▶ [Exercise] Only the lines from the one with "An der Einsatzstelle" through the last line of the material below belong in the answer, copied exactly and without pictures.

▶ [Data supplied]
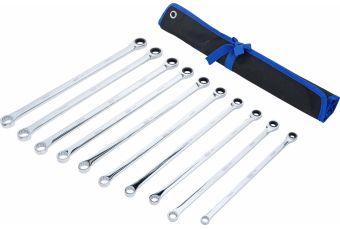 Набор гаечных ключей с трещоткой и гаечных ключей | Удлиненный | 10 - 19 мм | 10 шт. (7239)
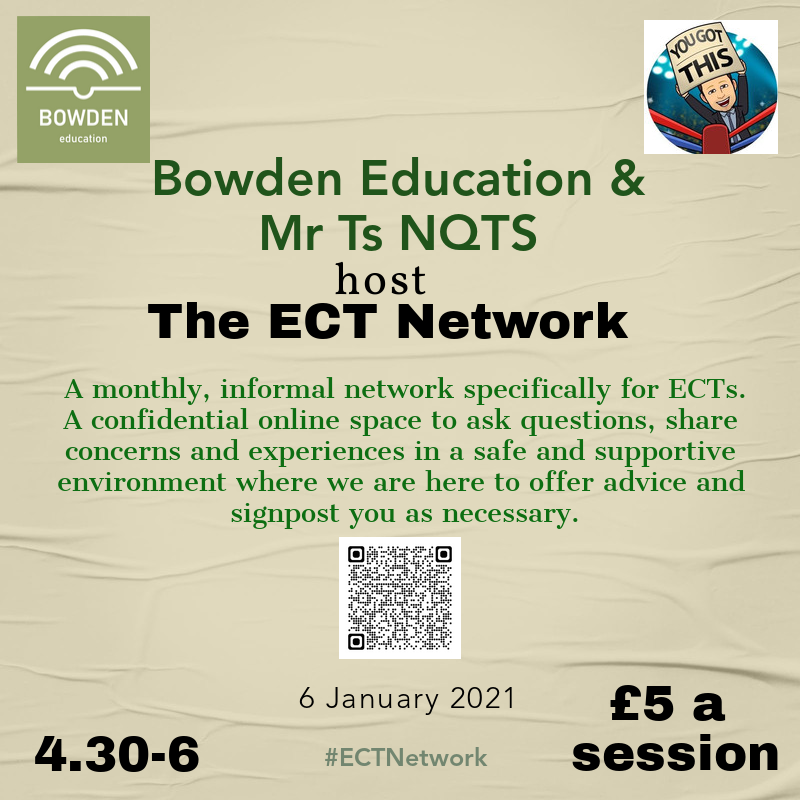 MrTs_NQTs's tweet photo. Still time to join in with tonight's #ECTNetwork webinar with me @MrTs_NQTs and @catliscar.

Hope to see you there! https://t.co/HuKwFYvj0k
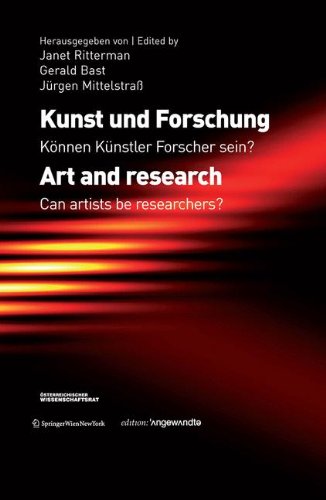 Imagen de archivo de Kunst und Forschung. Art and research.: Knnen Knstler Forscher Sein? Can artists be researchers? (Edition Angewandte) a la venta por medimops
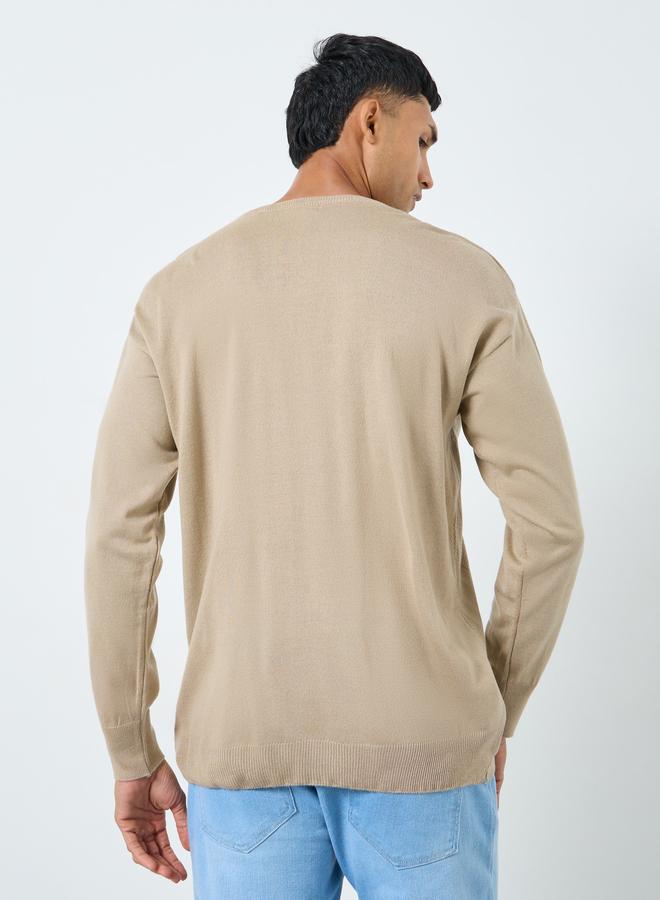 ستايلي سويتر بيج بنقشة الماس للرجال - Image 4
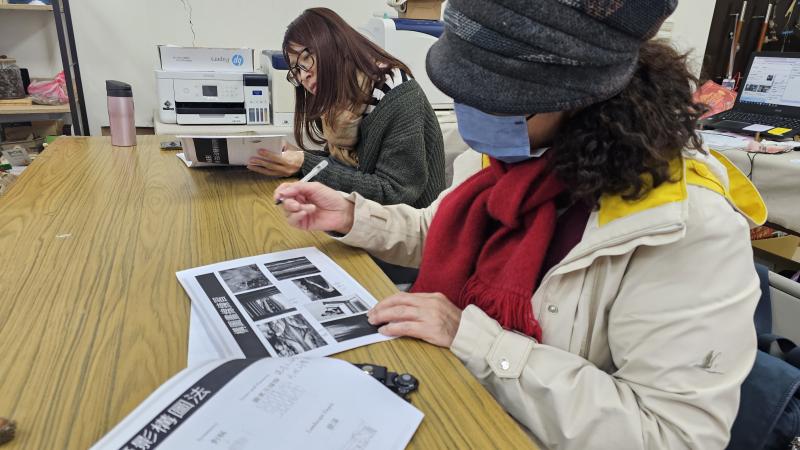 數位攝影課程學習各種構圖。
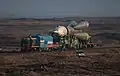Der Rollout der Rakete am 19. März 2018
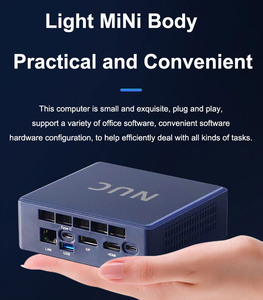 Toptan kompakt iş Mini PC 12th Gen Intel I5-1235U 8GB RAM 256GB SSD çift 4K çıkış Mini bilgisayar için ofis/oyun - Product Image 4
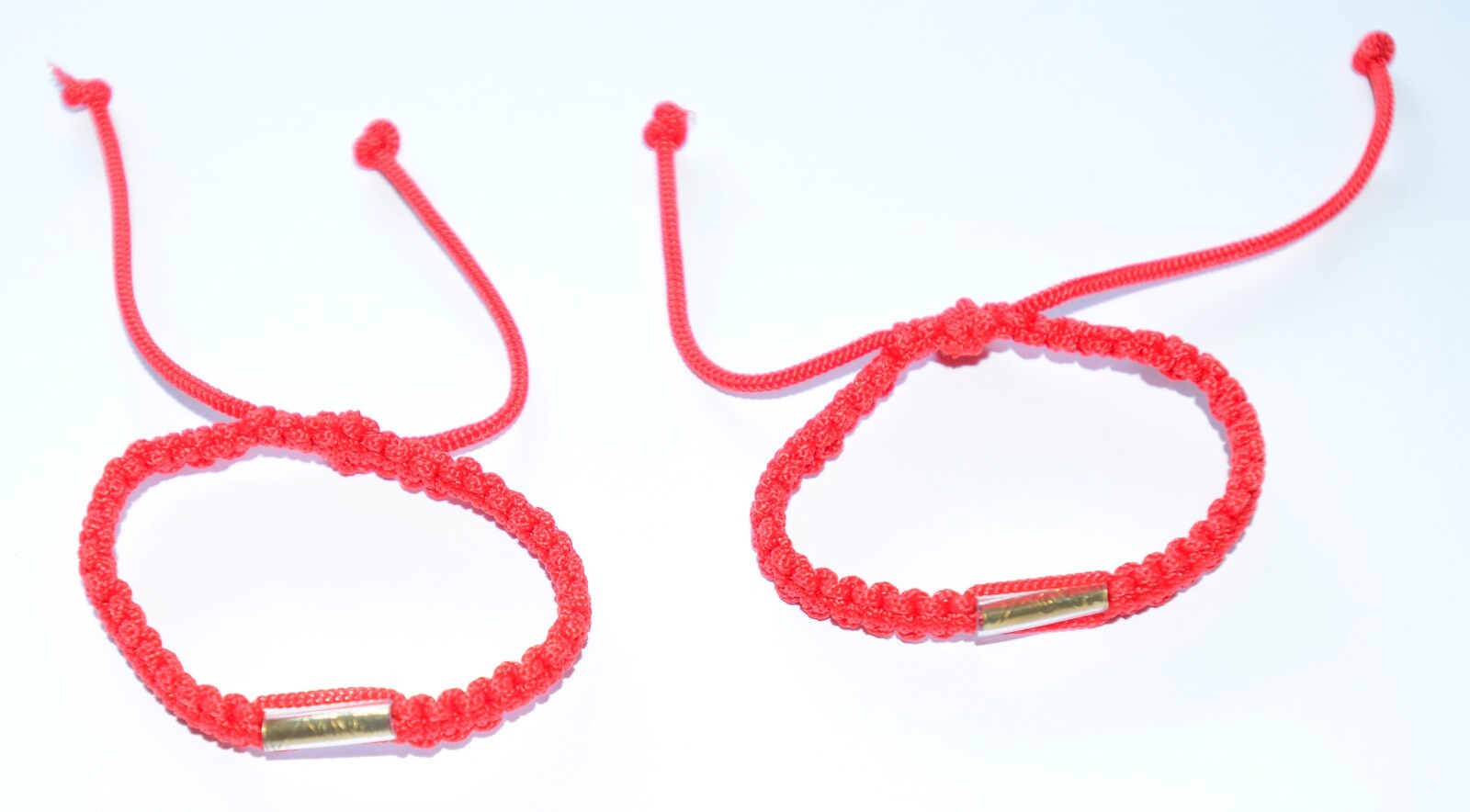 Macrame Friendship Bracelet With Spiritual Buddhism Feng Shui Metal Charm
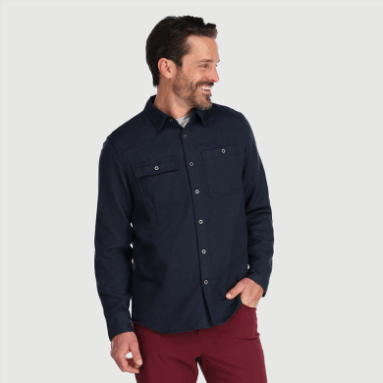 Outdoor Research Herren-Feedback-Flanellhemd Marineblau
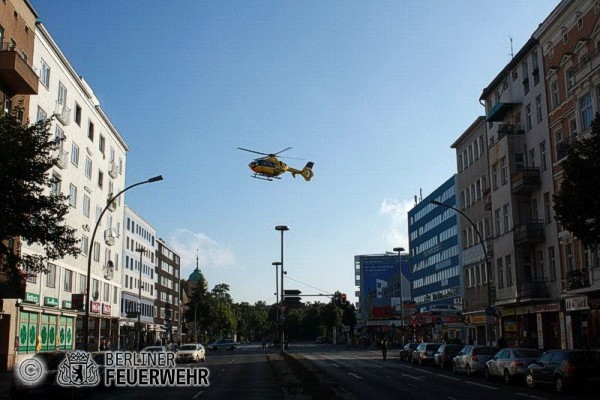 An der Einsatzstelle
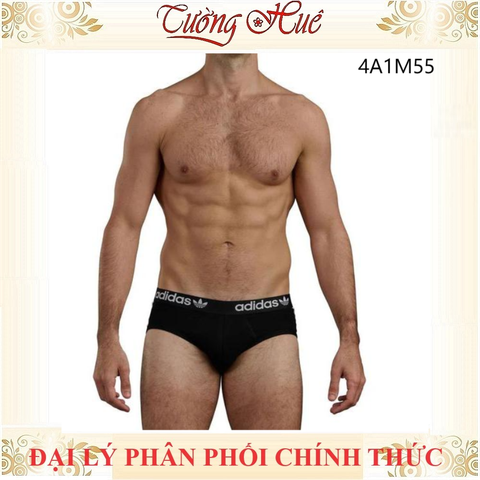 Quần Lót Nam Cotton Adidas 4A1M55 Mềm Mịn Thấm Hút (Form Quần lớn, khách nên lùi 2 size)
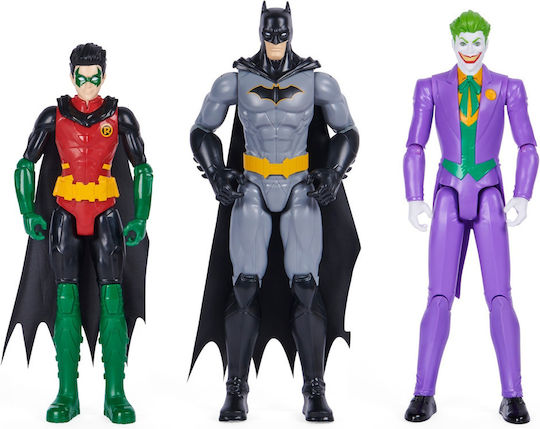 Spin Master DC Comics: Batman Spin Master DC: Batman - Batman Robin VS. The Joker Φιγούρα Δράσης 30εκ. 3τμχ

▶ [Answer]
 An der Einsatzstelle
 Quần Lót Nam Cotton Adidas 4A1M55 Mềm Mịn Thấm Hút (Form Quần lớn, khách nên lùi 2 size)
 Spin Master DC Comics: Batman Spin Master DC: Batman - Batman Robin VS. The Joker Φιγούρα Δράσης 30εκ. 3τμχ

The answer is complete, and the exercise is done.